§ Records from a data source
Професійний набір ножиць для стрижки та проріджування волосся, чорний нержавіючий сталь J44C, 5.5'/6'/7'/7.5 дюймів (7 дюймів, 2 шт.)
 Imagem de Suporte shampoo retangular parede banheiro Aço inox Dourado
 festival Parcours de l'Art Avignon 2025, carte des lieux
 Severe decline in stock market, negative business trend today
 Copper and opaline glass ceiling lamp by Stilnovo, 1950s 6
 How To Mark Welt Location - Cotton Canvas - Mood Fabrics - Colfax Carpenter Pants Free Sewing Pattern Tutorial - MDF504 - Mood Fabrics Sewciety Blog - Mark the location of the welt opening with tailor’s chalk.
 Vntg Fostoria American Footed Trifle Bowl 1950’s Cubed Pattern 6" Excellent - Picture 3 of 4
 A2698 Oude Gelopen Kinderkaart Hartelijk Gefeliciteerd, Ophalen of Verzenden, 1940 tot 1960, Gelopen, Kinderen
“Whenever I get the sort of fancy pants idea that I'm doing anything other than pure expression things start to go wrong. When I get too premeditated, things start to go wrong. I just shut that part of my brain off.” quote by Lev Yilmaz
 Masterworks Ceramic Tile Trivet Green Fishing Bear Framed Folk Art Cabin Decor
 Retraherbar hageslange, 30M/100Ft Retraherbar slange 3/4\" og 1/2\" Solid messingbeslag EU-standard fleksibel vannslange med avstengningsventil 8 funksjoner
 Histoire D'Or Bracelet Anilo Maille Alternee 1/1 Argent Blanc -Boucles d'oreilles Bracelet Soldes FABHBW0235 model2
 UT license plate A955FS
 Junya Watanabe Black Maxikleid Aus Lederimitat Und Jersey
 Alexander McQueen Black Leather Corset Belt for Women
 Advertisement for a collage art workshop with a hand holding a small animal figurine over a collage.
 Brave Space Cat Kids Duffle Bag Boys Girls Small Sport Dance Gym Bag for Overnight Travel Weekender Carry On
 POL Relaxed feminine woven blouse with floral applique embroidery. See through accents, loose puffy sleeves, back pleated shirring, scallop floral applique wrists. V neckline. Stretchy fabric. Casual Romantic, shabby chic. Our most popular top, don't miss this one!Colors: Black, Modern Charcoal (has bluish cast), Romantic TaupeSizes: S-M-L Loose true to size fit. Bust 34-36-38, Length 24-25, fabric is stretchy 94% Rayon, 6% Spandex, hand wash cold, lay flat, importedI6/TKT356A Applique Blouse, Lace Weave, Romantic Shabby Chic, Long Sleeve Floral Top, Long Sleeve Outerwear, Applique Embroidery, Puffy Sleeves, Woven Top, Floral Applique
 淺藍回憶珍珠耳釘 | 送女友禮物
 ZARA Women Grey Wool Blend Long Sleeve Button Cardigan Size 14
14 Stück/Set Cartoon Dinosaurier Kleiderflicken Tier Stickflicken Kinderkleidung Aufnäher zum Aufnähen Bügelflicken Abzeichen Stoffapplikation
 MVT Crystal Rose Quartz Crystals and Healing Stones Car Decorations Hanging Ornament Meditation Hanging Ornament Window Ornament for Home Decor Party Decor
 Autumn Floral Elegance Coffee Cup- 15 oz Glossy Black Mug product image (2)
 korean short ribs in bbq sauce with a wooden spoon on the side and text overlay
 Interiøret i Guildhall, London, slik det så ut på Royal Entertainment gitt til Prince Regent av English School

§ What is required
Retype the entries above. Match them exactly.

§ Solution to this problem
Професійний набір ножиць для стрижки та проріджування волосся, чорний нержавіючий сталь J44C, 5.5'/6'/7'/7.5 дюймів (7 дюймів, 2 шт.)
 Imagem de Suporte shampoo retangular parede banheiro Aço inox Dourado
 festival Parcours de l'Art Avignon 2025, carte des lieux
 Severe decline in stock market, negative business trend today
 Copper and opaline glass ceiling lamp by Stilnovo, 1950s 6
 How To Mark Welt Location - Cotton Canvas - Mood Fabrics - Colfax Carpenter Pants Free Sewing Pattern Tutorial - MDF504 - Mood Fabrics Sewciety Blog - Mark the location of the welt opening with tailor’s chalk.
 Vntg Fostoria American Footed Trifle Bowl 1950’s Cubed Pattern 6" Excellent - Picture 3 of 4
 A2698 Oude Gelopen Kinderkaart Hartelijk Gefeliciteerd, Ophalen of Verzenden, 1940 tot 1960, Gelopen, Kinderen
“Whenever I get the sort of fancy pants idea that I'm doing anything other than pure expression things start to go wrong. When I get too premeditated, things start to go wrong. I just shut that part of my brain off.” quote by Lev Yilmaz
 Masterworks Ceramic Tile Trivet Green Fishing Bear Framed Folk Art Cabin Decor
 Retraherbar hageslange, 30M/100Ft Retraherbar slange 3/4\" og 1/2\" Solid messingbeslag EU-standard fleksibel vannslange med avstengningsventil 8 funksjoner
 Histoire D'Or Bracelet Anilo Maille Alternee 1/1 Argent Blanc -Boucles d'oreilles Bracelet Soldes FABHBW0235 model2
 UT license plate A955FS
 Junya Watanabe Black Maxikleid Aus Lederimitat Und Jersey
 Alexander McQueen Black Leather Corset Belt for Women
 Advertisement for a collage art workshop with a hand holding a small animal figurine over a collage.
 Brave Space Cat Kids Duffle Bag Boys Girls Small Sport Dance Gym Bag for Overnight Travel Weekender Carry On
 POL Relaxed feminine woven blouse with floral applique embroidery. See through accents, loose puffy sleeves, back pleated shirring, scallop floral applique wrists. V neckline. Stretchy fabric. Casual Romantic, shabby chic. Our most popular top, don't miss this one!Colors: Black, Modern Charcoal (has bluish cast), Romantic TaupeSizes: S-M-L Loose true to size fit. Bust 34-36-38, Length 24-25, fabric is stretchy 94% Rayon, 6% Spandex, hand wash cold, lay flat, importedI6/TKT356A Applique Blouse, Lace Weave, Romantic Shabby Chic, Long Sleeve Floral Top, Long Sleeve Outerwear, Applique Embroidery, Puffy Sleeves, Woven Top, Floral Applique
 淺藍回憶珍珠耳釘 | 送女友禮物
 ZARA Women Grey Wool Blend Long Sleeve Button Cardigan Size 14
14 Stück/Set Cartoon Dinosaurier Kleiderflicken Tier Stickflicken Kinderkleidung Aufnäher zum Aufnähen Bügelflicken Abzeichen Stoffapplikation
 MVT Crystal Rose Quartz Crystals and Healing Stones Car Decorations Hanging Ornament Meditation Hanging Ornament Window Ornament for Home Decor Party Decor
 Autumn Floral Elegance Coffee Cup- 15 oz Glossy Black Mug product image (2)
 korean short ribs in bbq sauce with a wooden spoon on the side and text overlay
 Interiøret i Guildhall, London, slik det så ut på Royal Entertainment gitt til Prince Regent av English School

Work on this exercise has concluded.